Edna was 93 and had been a widow for 66 years following the death of her young husband in an accident. She is survived by her three children – sons Clifford and Denis and daughter Marion Tomlinson, five grandchildren – Paul, Marie, Peter, David and Sarah, and four great-grandchildren. A sixth grandchild, Andrew, died suddenly and prematurely just over a year ago.
Edna was born in 1918 at Westlaby on the edge of Wickenby airfield, one of four children to Charles Ernest Green, a Methodist preacher for more than 50 years, and his wife, and they lived on farms in the area where he worked as a garthman.
She grew up and attended school locally, and after leaving school went to care for her grandparents and uncles at Hainton for a time.
She then worked for the Richardson family in the village before joining the Portas family at West Torrington Grange, where she worked from 7am-7pm for the princely sum of eight shillings weekly (40p today) with just half a day off each week.
It was while she was there she met her husband-to-be, Harry Kirk, a farmworker at Manor Farm, and after they were married at West Torrington in March 1937 they set up home, initially in the village.
They moved to Toft Newton when Harry obtained work and a cottage on the Harrison family farm. And it was there, in 1946, he was electrocuted in a tragic accident when the elevator struck the overhead power line while he was helping with the harvest.
Edna was left devastated and a young widow with three small children to look after. She moved her family back to West Torrington to make a home with her parents, but there was more sadness for Edna when her mother died just a few months later.
She then kept house for her father while caring for her children as they grew up, and when her dad retired in 1958 they moved into the cottage in the village which was to be her home for the rest of her life.

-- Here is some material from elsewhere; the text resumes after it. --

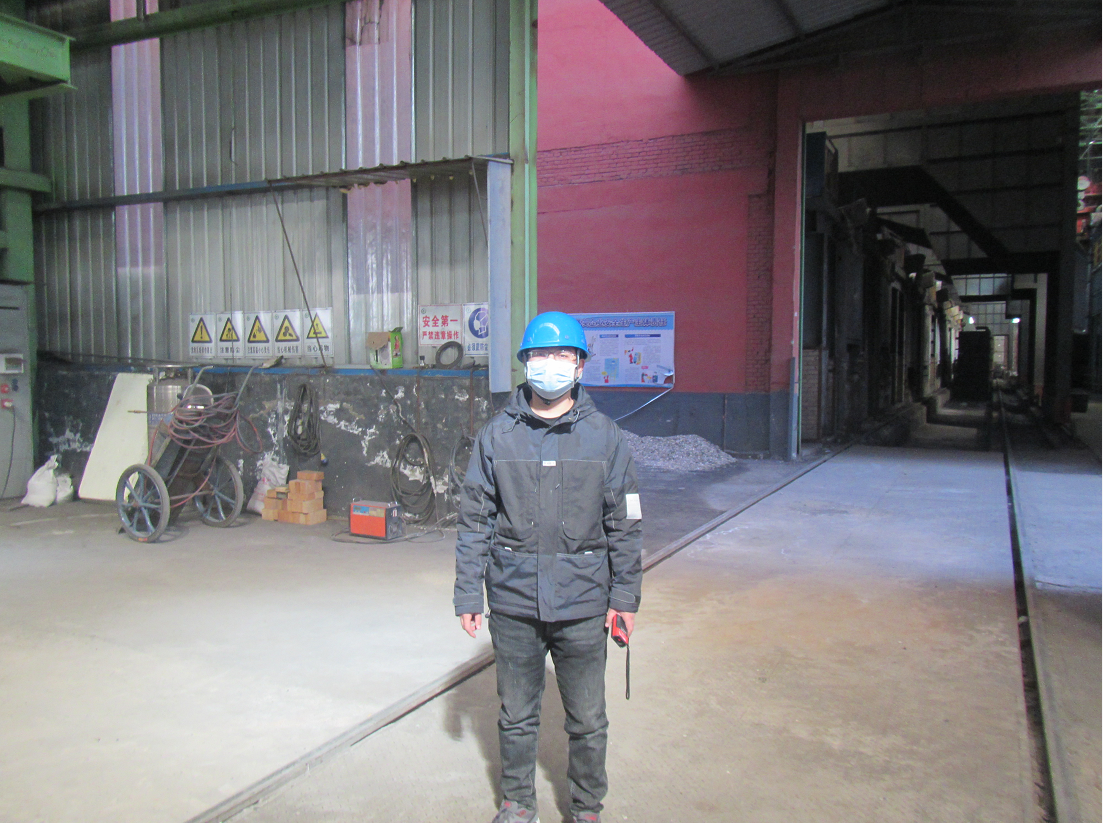 赤峰遠聯鋼鐵有限責任公司年產20萬噸鑄造軋輥項目安全設施竣工驗收評價報告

After Mr Green’s death in 1969 she lived alone, surrounded by her family and friends and caring for others wherever there was a need. Edna was a lifelong and loyal member of the Methodist Church and dedicated to the village chapel at West Torrington. She attended services regularly and particularly enjoyed the anniversaries and other special festivals, while also looking after the building. She worked tirelessly to help to try to keep the chapel as the congregation gradually dwindled.
She was also an active member of the community, and when part of the chapel was opened as a community room she helped with events held there, often on duty as hostess, including meetings of the Barkwith Group Over 60s Club, where she was a long-standing member.

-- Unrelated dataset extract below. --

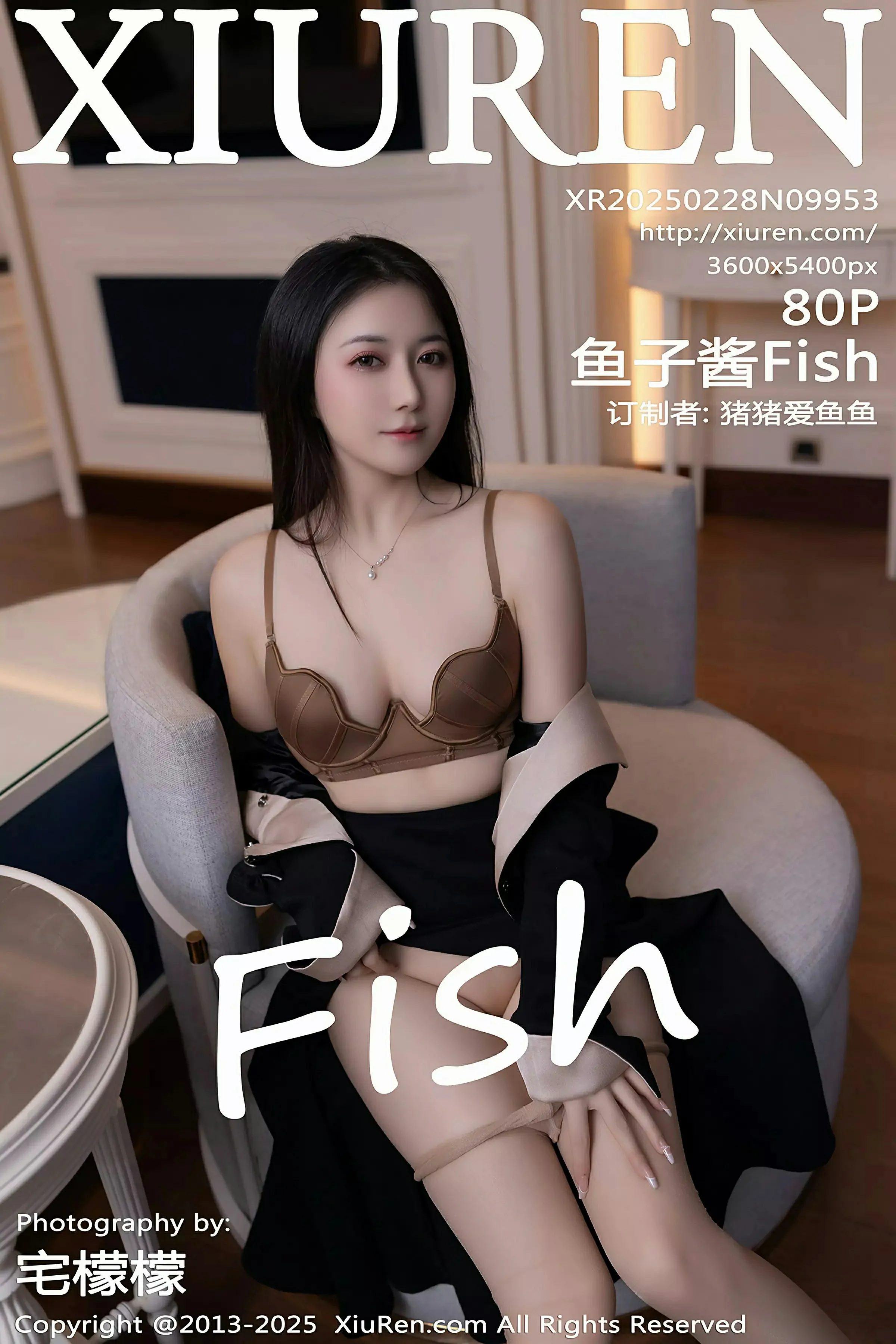 XiuRen 秀人 No.9953 鱼子酱Fish [80P]-66COS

When the Rev Tony Simpson retired the club was in danger of closing and Edna was one of those who helped to keep it open, meeting with friends to arrange transport, fundraising and a programme.

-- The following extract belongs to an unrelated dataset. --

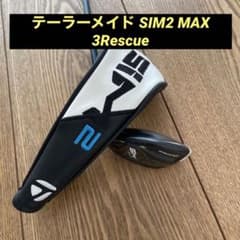 テーラーメイド SIM2 MAX ユーティリティ 3UT Rのサムネイル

She was also a member of the Market Rasen Seven Churches Travelling Guild, travelling round on the late Ted Green’s bus to the much-looked-forward-to weekly meetings with friends in the village chapels where she often joined the congregations for special services.
Edna’s main interests in life revolved around the chapel and her family, but she was very fond of spending time in her garden, and when walking became difficult and she was no longer able to do the physical work, members of her family were on hand with offers of help.
The addition of a conservatory enabled her to enjoy her garden at leisure from the comfort of her arm chair and she spent many happy hours sitting admiring the flowers and watching the birds which she encouraged to enjoy it with her.
She had always enjoyed good health, and when she became increasingly frail during the last few weeks of her life her family took over the duty of carers, supported by the professional help of the doctors and nurses which enabled Edna to remain in the comfort of her own home as she wished.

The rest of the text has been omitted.